→ **Work request**
Find the line with "Combo 3 túi" and the line with "Panoramic Fanfare Tuba" in the entries below; output exactly those two lines, every line between them, and no others.
*** Record excerpts Section Begins ***
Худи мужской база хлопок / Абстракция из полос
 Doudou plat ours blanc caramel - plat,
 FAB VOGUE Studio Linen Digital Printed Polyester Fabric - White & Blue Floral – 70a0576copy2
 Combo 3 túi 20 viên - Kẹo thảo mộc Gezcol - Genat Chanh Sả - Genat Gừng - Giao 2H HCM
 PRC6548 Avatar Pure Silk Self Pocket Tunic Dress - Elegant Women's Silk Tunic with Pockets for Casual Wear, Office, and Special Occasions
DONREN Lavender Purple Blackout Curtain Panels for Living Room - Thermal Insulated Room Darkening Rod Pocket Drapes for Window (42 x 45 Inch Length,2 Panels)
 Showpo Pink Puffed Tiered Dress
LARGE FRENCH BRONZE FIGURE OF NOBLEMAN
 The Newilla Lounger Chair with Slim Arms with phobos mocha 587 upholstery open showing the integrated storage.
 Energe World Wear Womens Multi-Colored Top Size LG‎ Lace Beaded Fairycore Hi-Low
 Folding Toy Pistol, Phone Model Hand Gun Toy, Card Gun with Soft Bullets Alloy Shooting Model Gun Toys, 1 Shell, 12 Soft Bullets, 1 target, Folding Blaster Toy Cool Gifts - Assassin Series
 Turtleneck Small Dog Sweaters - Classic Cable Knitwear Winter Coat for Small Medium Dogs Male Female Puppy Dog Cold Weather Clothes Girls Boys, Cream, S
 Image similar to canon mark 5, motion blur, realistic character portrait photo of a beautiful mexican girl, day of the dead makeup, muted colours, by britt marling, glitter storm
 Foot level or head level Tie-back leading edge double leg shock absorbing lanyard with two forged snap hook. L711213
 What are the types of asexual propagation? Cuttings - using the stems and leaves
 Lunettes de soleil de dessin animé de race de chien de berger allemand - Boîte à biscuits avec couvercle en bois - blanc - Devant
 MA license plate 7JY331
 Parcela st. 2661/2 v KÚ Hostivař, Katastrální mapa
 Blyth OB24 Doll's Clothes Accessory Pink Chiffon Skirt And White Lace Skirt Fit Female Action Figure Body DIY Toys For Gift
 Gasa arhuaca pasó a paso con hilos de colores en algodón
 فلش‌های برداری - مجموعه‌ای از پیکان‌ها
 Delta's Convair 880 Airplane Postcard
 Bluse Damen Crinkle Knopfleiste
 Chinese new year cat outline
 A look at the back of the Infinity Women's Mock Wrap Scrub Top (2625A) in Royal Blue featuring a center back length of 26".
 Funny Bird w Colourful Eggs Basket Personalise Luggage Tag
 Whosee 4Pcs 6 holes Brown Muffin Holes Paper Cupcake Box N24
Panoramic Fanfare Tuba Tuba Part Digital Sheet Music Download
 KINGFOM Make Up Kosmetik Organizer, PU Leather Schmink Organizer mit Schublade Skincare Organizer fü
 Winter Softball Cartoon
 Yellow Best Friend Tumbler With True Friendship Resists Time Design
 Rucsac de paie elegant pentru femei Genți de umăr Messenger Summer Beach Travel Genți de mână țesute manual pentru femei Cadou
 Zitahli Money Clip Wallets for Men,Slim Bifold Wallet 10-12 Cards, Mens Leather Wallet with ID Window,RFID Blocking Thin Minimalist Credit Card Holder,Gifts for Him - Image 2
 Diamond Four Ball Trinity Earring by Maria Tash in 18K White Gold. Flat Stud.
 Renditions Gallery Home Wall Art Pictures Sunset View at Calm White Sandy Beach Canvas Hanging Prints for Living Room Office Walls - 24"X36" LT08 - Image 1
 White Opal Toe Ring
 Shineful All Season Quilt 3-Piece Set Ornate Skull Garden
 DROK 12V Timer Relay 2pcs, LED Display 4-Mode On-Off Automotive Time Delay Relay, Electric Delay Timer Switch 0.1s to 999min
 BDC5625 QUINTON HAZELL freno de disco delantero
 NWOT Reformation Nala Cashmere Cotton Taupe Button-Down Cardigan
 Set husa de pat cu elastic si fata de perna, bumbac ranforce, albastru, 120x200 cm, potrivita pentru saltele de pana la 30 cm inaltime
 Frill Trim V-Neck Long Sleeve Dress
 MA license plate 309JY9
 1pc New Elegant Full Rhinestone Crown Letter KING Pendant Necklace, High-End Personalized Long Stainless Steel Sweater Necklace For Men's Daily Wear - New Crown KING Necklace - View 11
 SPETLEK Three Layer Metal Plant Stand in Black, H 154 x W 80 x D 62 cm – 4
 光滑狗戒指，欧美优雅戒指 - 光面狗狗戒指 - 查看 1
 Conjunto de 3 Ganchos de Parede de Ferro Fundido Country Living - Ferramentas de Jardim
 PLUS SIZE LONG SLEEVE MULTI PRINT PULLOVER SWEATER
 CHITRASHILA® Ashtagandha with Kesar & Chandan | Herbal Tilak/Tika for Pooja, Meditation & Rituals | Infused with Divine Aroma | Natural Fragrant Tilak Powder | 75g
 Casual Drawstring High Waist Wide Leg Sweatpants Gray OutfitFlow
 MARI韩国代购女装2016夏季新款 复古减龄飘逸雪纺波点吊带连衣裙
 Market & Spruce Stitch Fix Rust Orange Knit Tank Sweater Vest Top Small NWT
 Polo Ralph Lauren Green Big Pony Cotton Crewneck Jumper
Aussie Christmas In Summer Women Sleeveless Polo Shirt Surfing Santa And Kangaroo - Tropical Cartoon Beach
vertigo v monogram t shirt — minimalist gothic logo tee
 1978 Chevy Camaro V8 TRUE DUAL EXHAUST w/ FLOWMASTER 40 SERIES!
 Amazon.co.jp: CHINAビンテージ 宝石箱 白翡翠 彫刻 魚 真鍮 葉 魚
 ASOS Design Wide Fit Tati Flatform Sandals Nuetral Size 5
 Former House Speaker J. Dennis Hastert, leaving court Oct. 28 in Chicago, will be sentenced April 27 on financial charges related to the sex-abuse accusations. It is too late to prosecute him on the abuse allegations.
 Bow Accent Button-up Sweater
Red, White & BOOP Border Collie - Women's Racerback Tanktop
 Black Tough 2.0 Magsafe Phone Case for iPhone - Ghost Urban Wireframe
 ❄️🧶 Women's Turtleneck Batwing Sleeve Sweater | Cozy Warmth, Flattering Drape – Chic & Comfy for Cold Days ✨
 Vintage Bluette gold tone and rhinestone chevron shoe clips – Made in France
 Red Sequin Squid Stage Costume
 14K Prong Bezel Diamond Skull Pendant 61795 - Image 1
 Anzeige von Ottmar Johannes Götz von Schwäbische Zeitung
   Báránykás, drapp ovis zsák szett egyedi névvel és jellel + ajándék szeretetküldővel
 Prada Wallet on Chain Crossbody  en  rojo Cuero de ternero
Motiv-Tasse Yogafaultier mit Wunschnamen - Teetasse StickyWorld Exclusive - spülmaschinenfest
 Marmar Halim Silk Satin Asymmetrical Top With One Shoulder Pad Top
*** Record excerpts Section Ends ***
→ **Response area**
 Combo 3 túi 20 viên - Kẹo thảo mộc Gezcol - Genat Chanh Sả - Genat Gừng - Giao 2H HCM
 PRC6548 Avatar Pure Silk Self Pocket Tunic Dress - Elegant Women's Silk Tunic with Pockets for Casual Wear, Office, and Special Occasions
DONREN Lavender Purple Blackout Curtain Panels for Living Room - Thermal Insulated Room Darkening Rod Pocket Drapes for Window (42 x 45 Inch Length,2 Panels)
 Showpo Pink Puffed Tiered Dress
LARGE FRENCH BRONZE FIGURE OF NOBLEMAN
 The Newilla Lounger Chair with Slim Arms with phobos mocha 587 upholstery open showing the integrated storage.
 Energe World Wear Womens Multi-Colored Top Size LG‎ Lace Beaded Fairycore Hi-Low
 Folding Toy Pistol, Phone Model Hand Gun Toy, Card Gun with Soft Bullets Alloy Shooting Model Gun Toys, 1 Shell, 12 Soft Bullets, 1 target, Folding Blaster Toy Cool Gifts - Assassin Series
 Turtleneck Small Dog Sweaters - Classic Cable Knitwear Winter Coat for Small Medium Dogs Male Female Puppy Dog Cold Weather Clothes Girls Boys, Cream, S
 Image similar to canon mark 5, motion blur, realistic character portrait photo of a beautiful mexican girl, day of the dead makeup, muted colours, by britt marling, glitter storm
 Foot level or head level Tie-back leading edge double leg shock absorbing lanyard with two forged snap hook. L711213
 What are the types of asexual propagation? Cuttings - using the stems and leaves
 Lunettes de soleil de dessin animé de race de chien de berger allemand - Boîte à biscuits avec couvercle en bois - blanc - Devant
 MA license plate 7JY331
 Parcela st. 2661/2 v KÚ Hostivař, Katastrální mapa
 Blyth OB24 Doll's Clothes Accessory Pink Chiffon Skirt And White Lace Skirt Fit Female Action Figure Body DIY Toys For Gift
 Gasa arhuaca pasó a paso con hilos de colores en algodón
 فلش‌های برداری - مجموعه‌ای از پیکان‌ها
 Delta's Convair 880 Airplane Postcard
 Bluse Damen Crinkle Knopfleiste
 Chinese new year cat outline
 A look at the back of the Infinity Women's Mock Wrap Scrub Top (2625A) in Royal Blue featuring a center back length of 26".
 Funny Bird w Colourful Eggs Basket Personalise Luggage Tag
 Whosee 4Pcs 6 holes Brown Muffin Holes Paper Cupcake Box N24
Panoramic Fanfare Tuba Tuba Part Digital Sheet Music Download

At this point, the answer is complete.